April 16, 2004

Shuffle Play

Article in Wired looking at using random play in your iPod:

Stuffy old listening habits -- like listening to albums from beginning to end -- are being thrown out in favor of allowing machines to choose songs at random, which often leads to unexpected, and magical, juxtapositions of music.

"There is something thrilling about setting the player on Shuffle and letting it decide what to play next," Ross writes. "The little machine often goes crashing through barriers of style in ways that change how I listen."

Random shuffle is nothing new. It first became popular as a feature of CD players. But with CDs, shuffling tracks is typically limited to the tracks on a single CD.

Randomly selecting tracks really comes into its own with giant music collections: libraries that stretch to tens of thousand of songs. In a giant library, random shuffle is a good way -- sometimes the only way -- to hear music that would otherwise go unplayed.

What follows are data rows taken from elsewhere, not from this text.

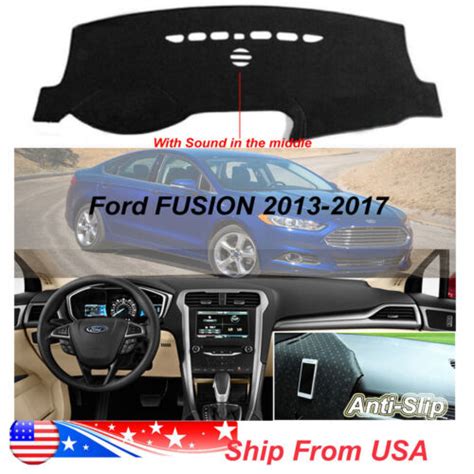 For Ford Fusion Dash Mat Dash Cover Non Slip Dashboard Black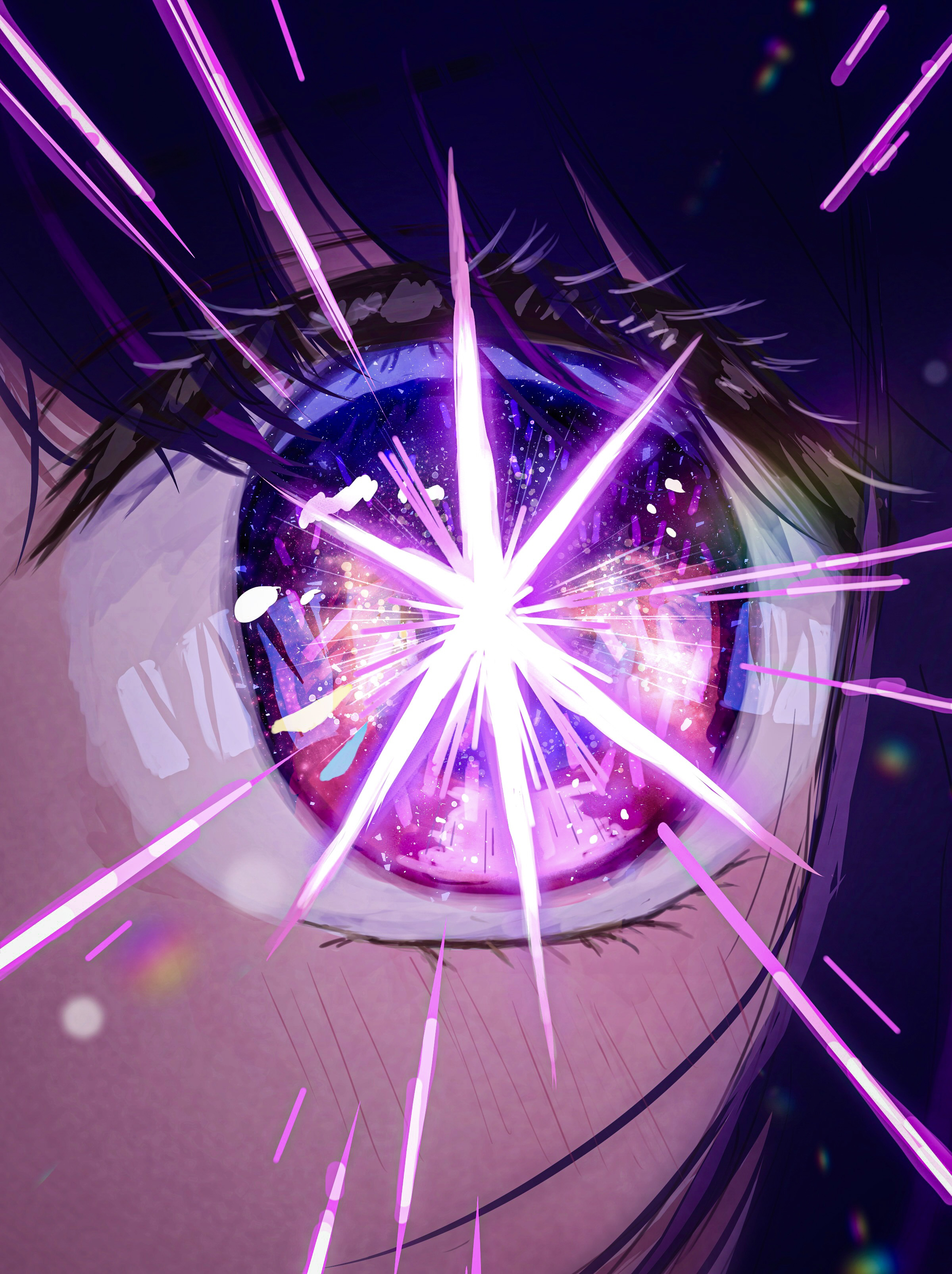 Anime 2399x3209 anime anime girls Oshi no Ko purple eyes star eyes closeup eyes looking at viewer Hoshino Ai
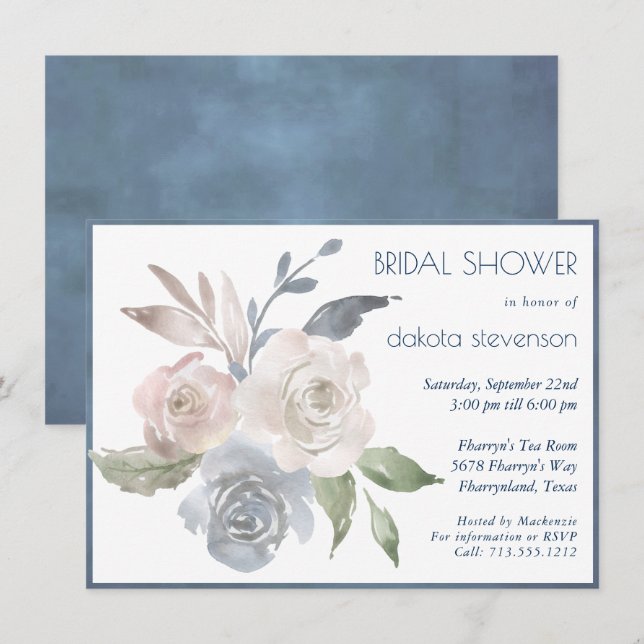 Invitation Bouquet floral bouché | Fête des mariées Rose soup (Devant / Derrière)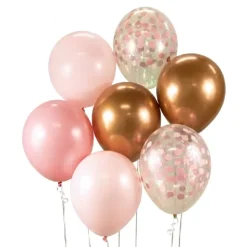 Ballonbuket B&C pink og kobber 7 stk.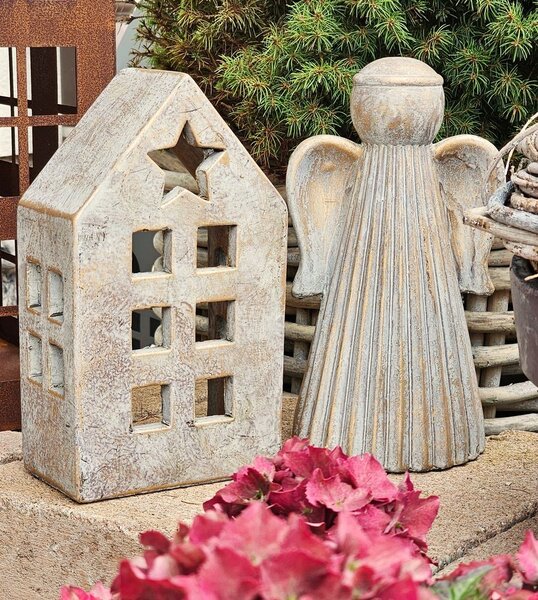 Zlatý antik cementový svietnik domček House Gold - 13*8*23 cm - daan kromhout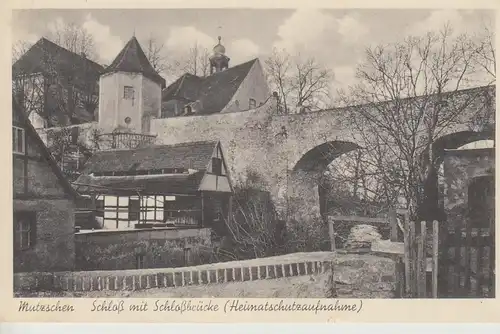 (107995) AK Schloss Mutzschen, Schlossbrücke, Feldpost, Sonderstempel 1943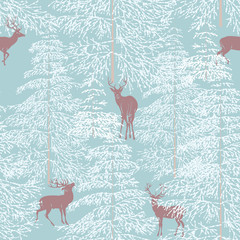 Seamless pattern with winter forest and reindeer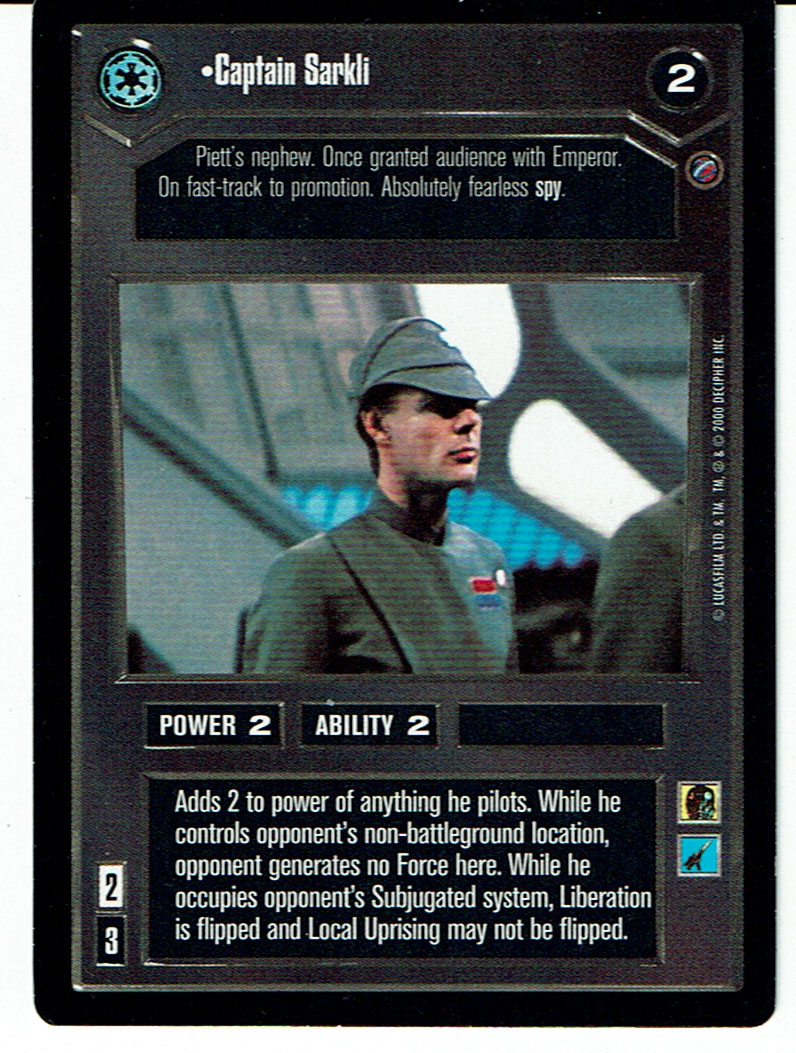 STAR WARS CCG DEATH STAR II RARE CARD CAPTAIN SARKLI ex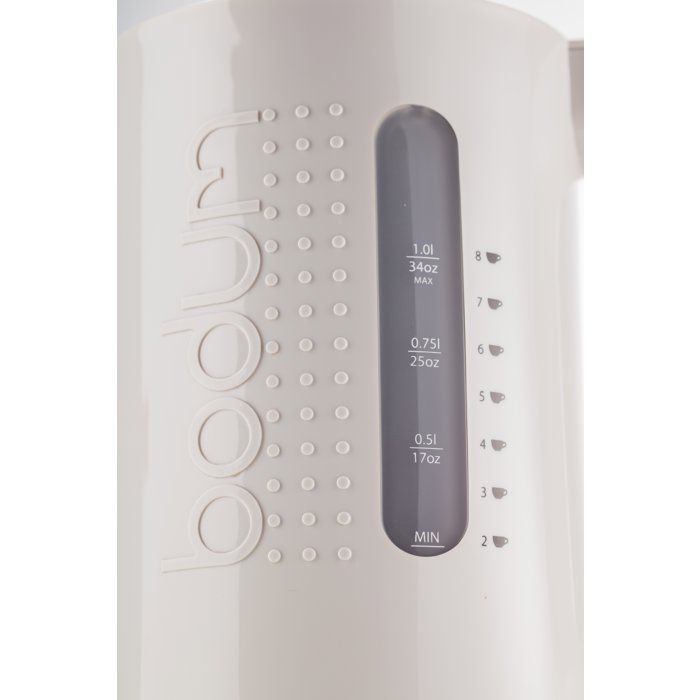 BODUM BISTRO Electric Kettle - 1.0 L - 1300 W - 360° Swivel Base - White
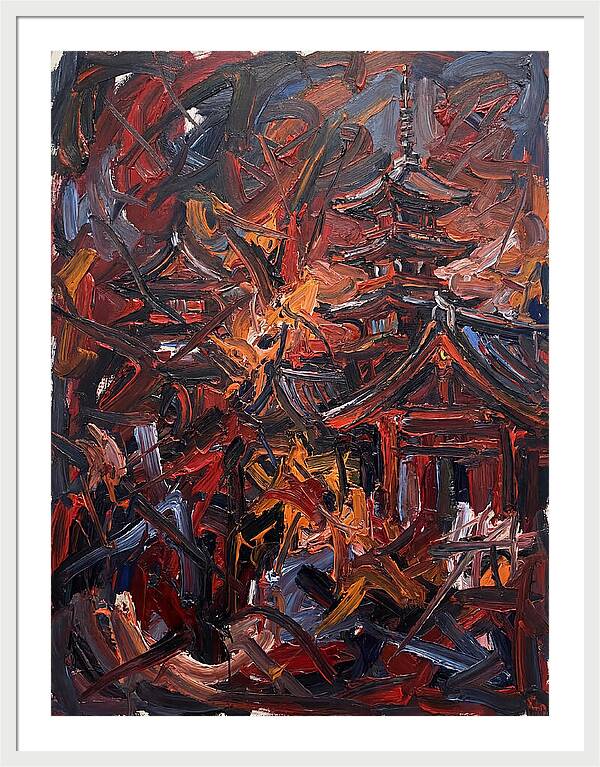 Japanese Temple In Expressionist Style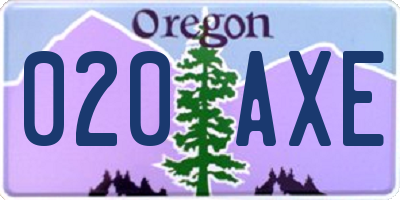 OR license plate 020AXE
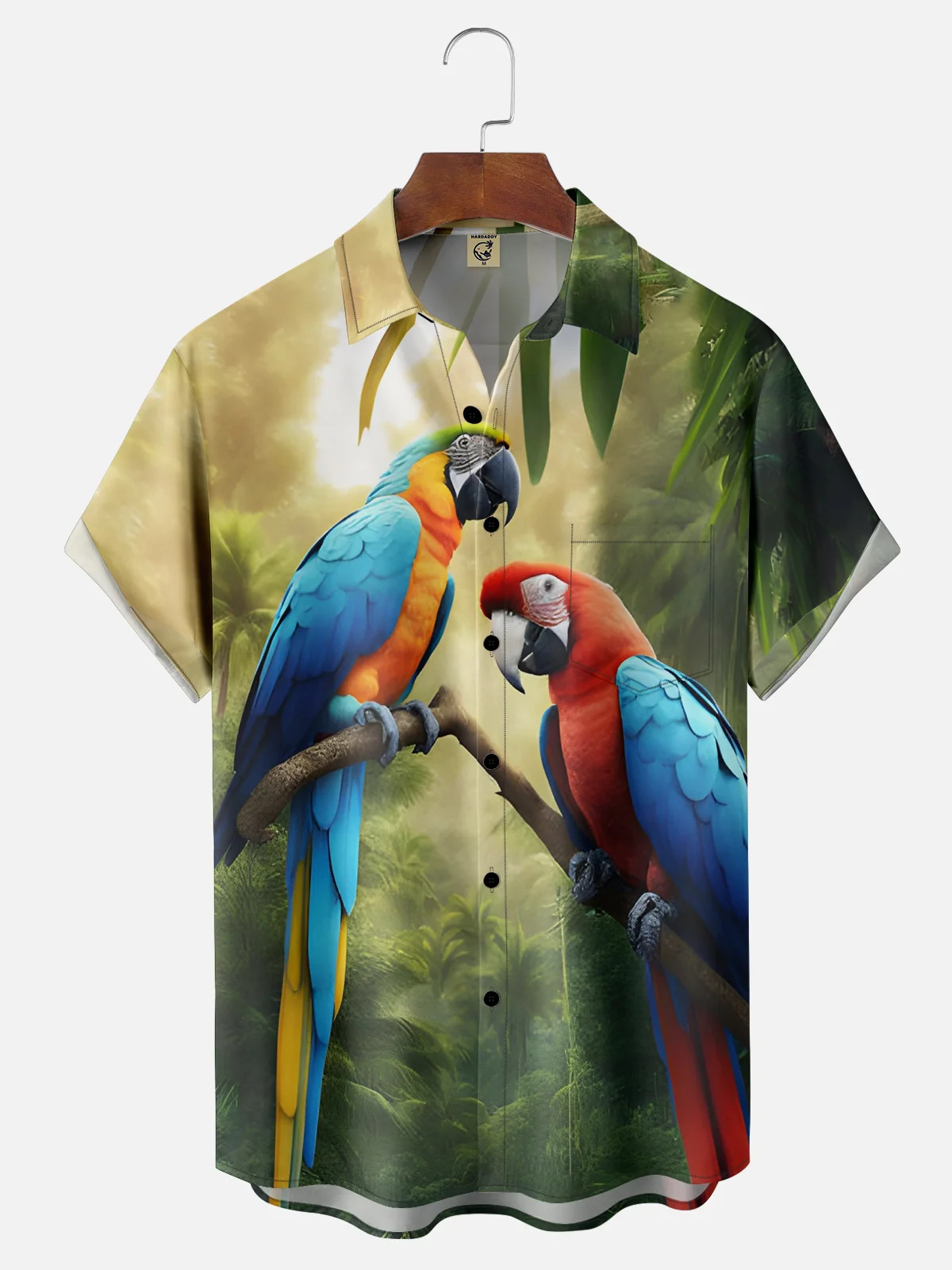 Moisture-wicking Tropical Parrots Chest Pocket Hawaiian Shirt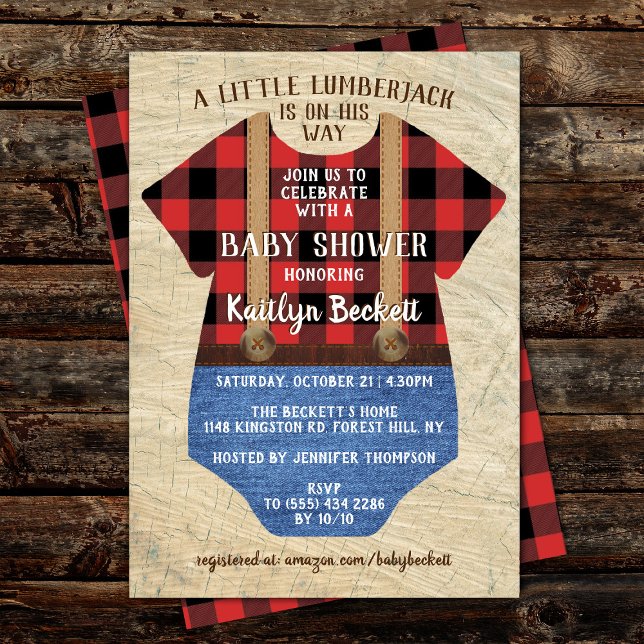 Invitation Baby shower Rustique Plaid Lumberjack Boys (Créateur téléchargé)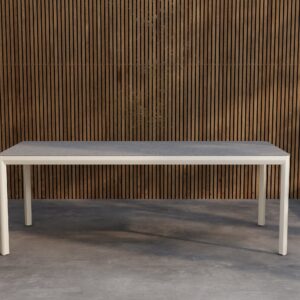 Lino – Table à manger rectangulaire – Beige, Gris clair – 220 x 100 cm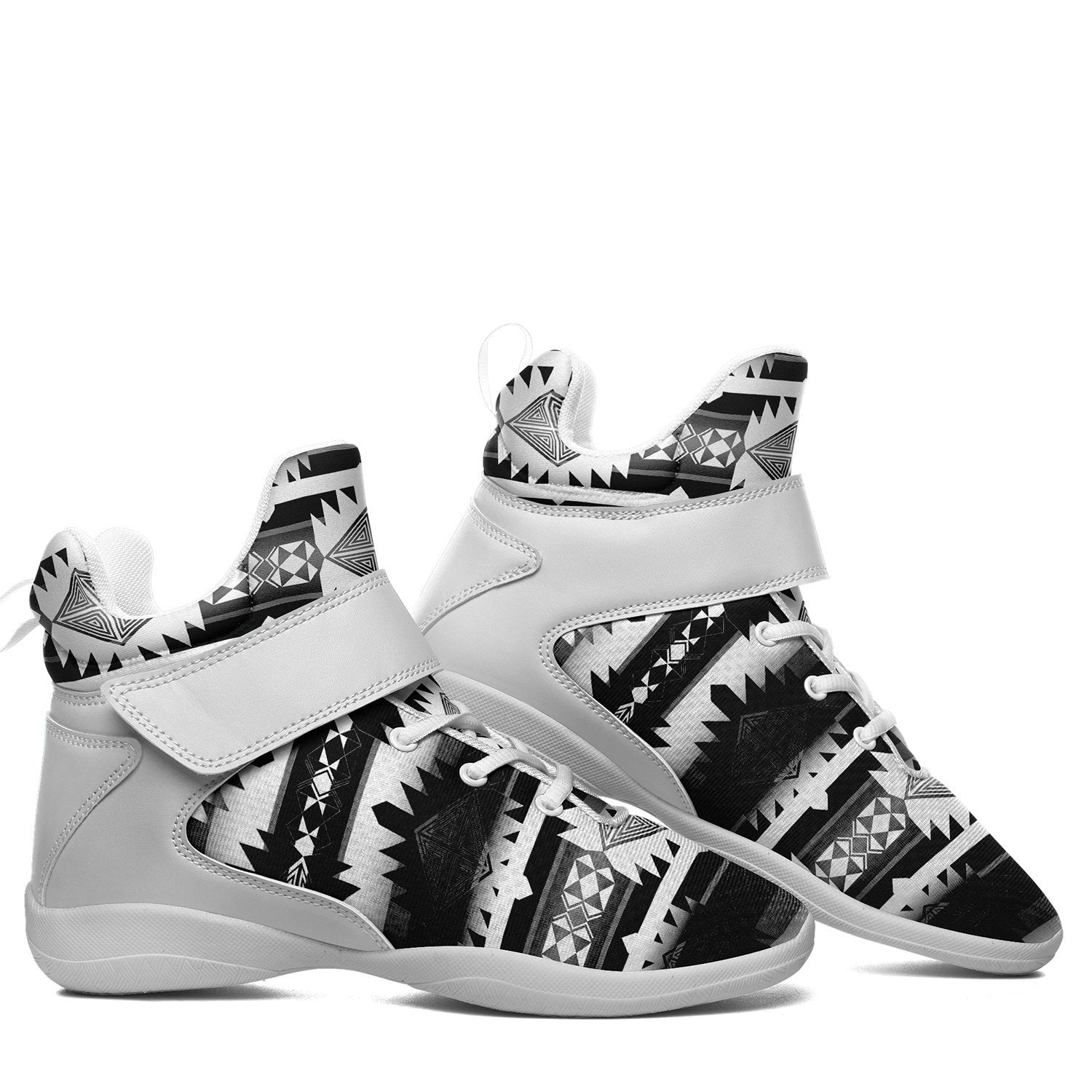 Okotoks Black and White Kid's Ipottaa Basketball / Sport High Top Shoes 49 Dzine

I'm a fan of the shuffle feature myself, but I also find that it can be exhausting. My iPod has been known to jump from Norman Blake to the Red Hot Chili Peppers, then to Värttinä, then to "Milkshake," then to "Strange Fruit." I'm all for variety, but if it jumps genres too many times in a row I feel like someone has taken my brain and stuck in in the blender on purée. So...for the last week or so I've compromised and set my iPod to shuffle by album. I still get genre hops, but they're not nearly as frequent.